DATA BLOCK:
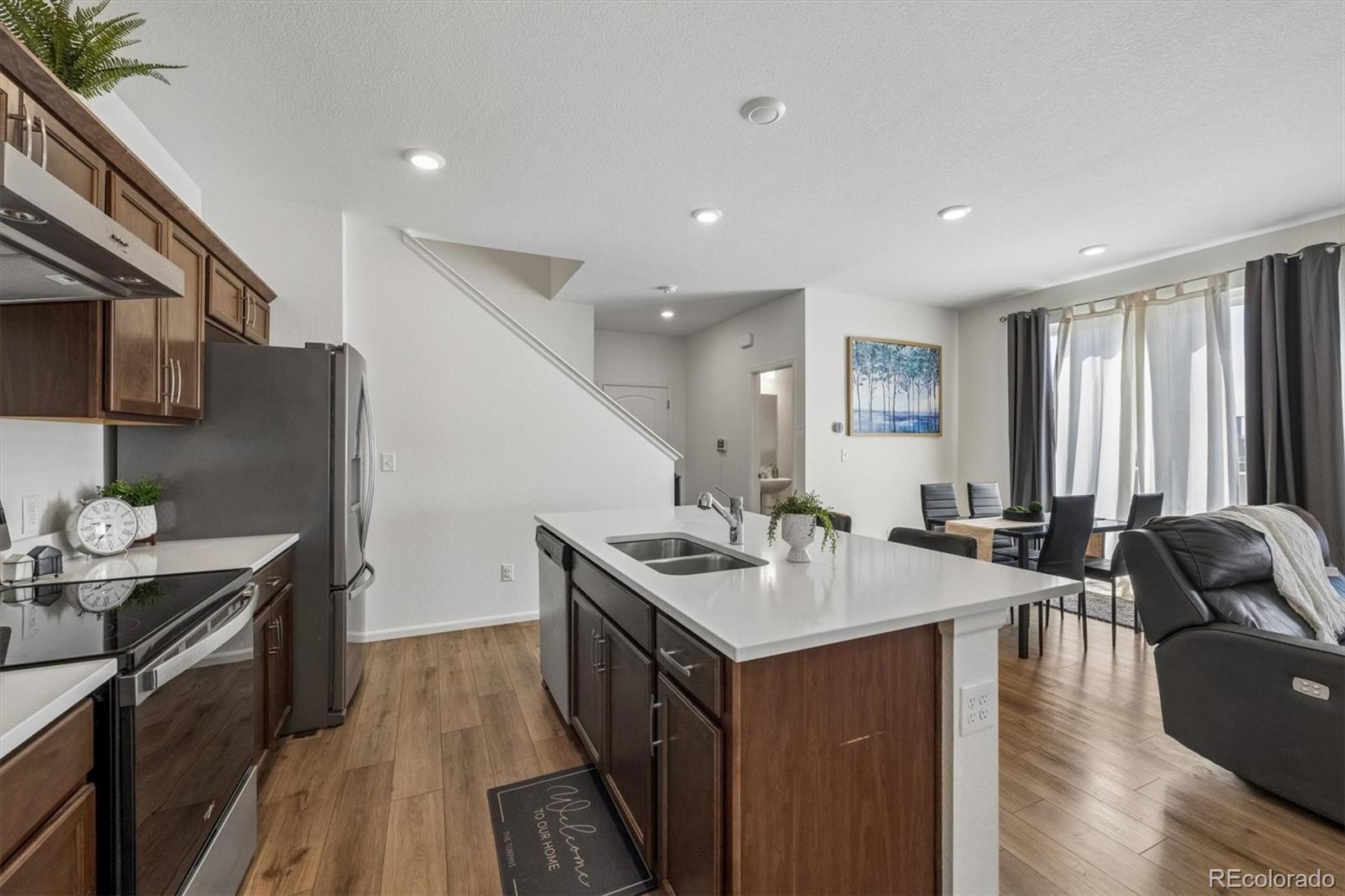 608 N Bersshine Court Aurora CO 80137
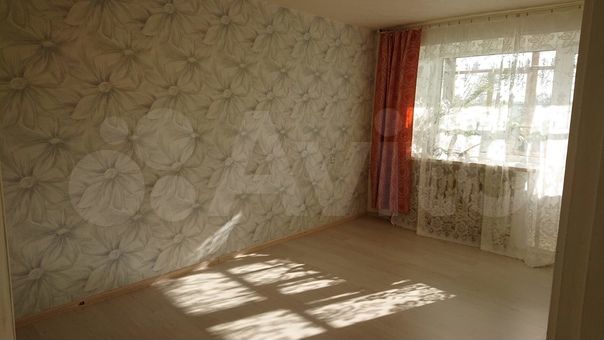 3-к. квартира, 61,1 м², 5/5 эт.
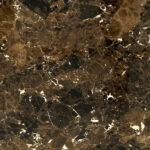 brown marble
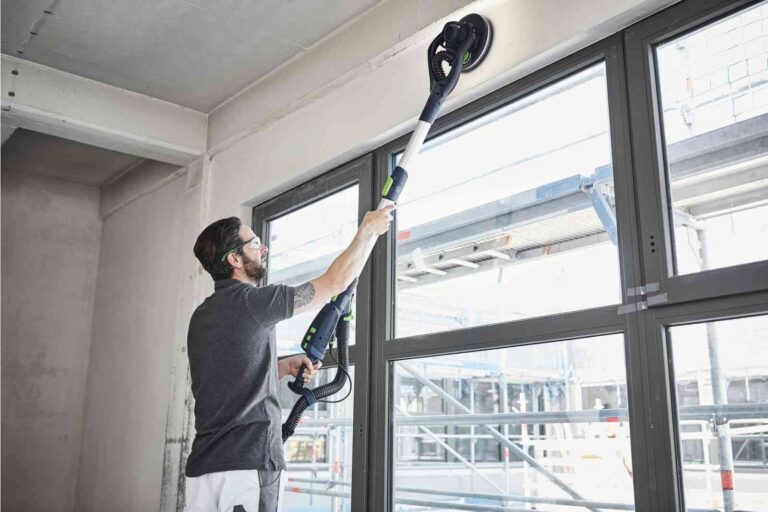 Festool 575994 Planex 2.0 Drywall Sander LHS 225 EQI-PLUS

EXERCISE:
Exactly repeat only the lines from the one with "3-к. квартира, 61,1 м², 5/5 эт." to the closing line above, both included, and omit every picture.

REPLY:
 3-к. квартира, 61,1 м², 5/5 эт.
 brown marble
 Festool 575994 Planex 2.0 Drywall Sander LHS 225 EQI-PLUS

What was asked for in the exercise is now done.